── Data for review

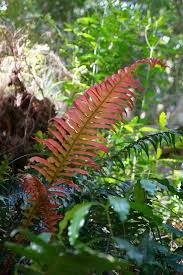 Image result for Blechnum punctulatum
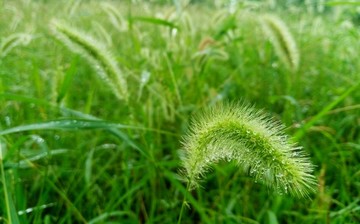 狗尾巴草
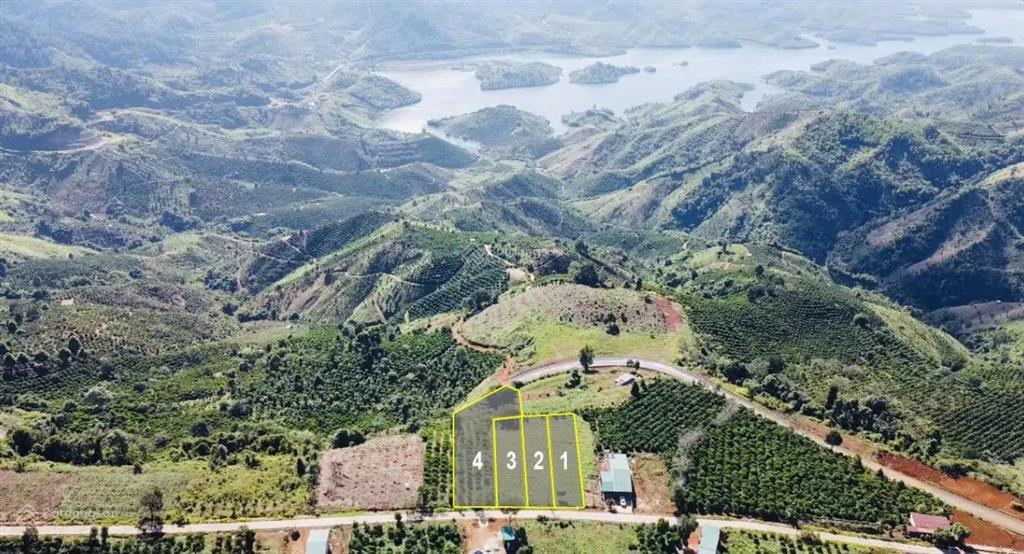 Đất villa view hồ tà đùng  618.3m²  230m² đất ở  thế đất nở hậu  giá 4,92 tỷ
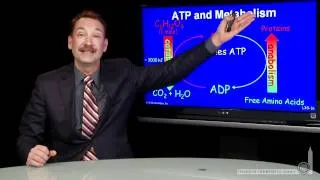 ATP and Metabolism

────
── Data for review

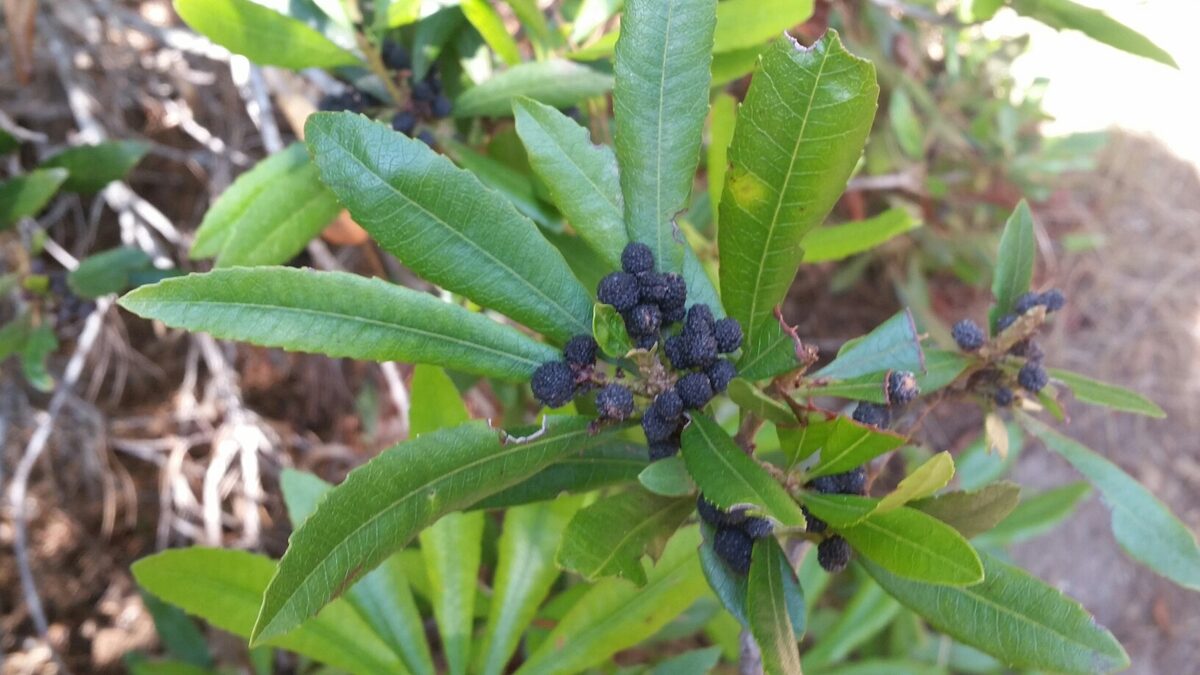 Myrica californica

────
── Data for review

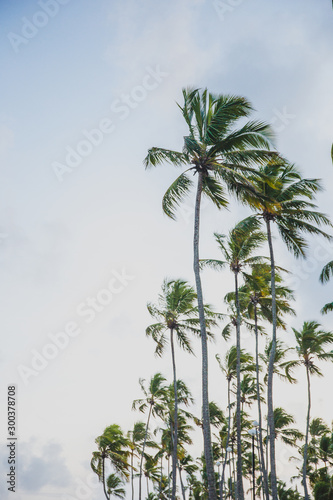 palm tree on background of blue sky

────

In the records above, find the line with "Image result for Blechnum punctulatum" and the line with "ATP and Metabolism". Write out exactly those lines and every one between, with no pictures and no other lines.

# Worked solution:
 Image result for Blechnum punctulatum
 狗尾巴草
 Đất villa view hồ tà đùng  618.3m²  230m² đất ở  thế đất nở hậu  giá 4,92 tỷ
 ATP and Metabolism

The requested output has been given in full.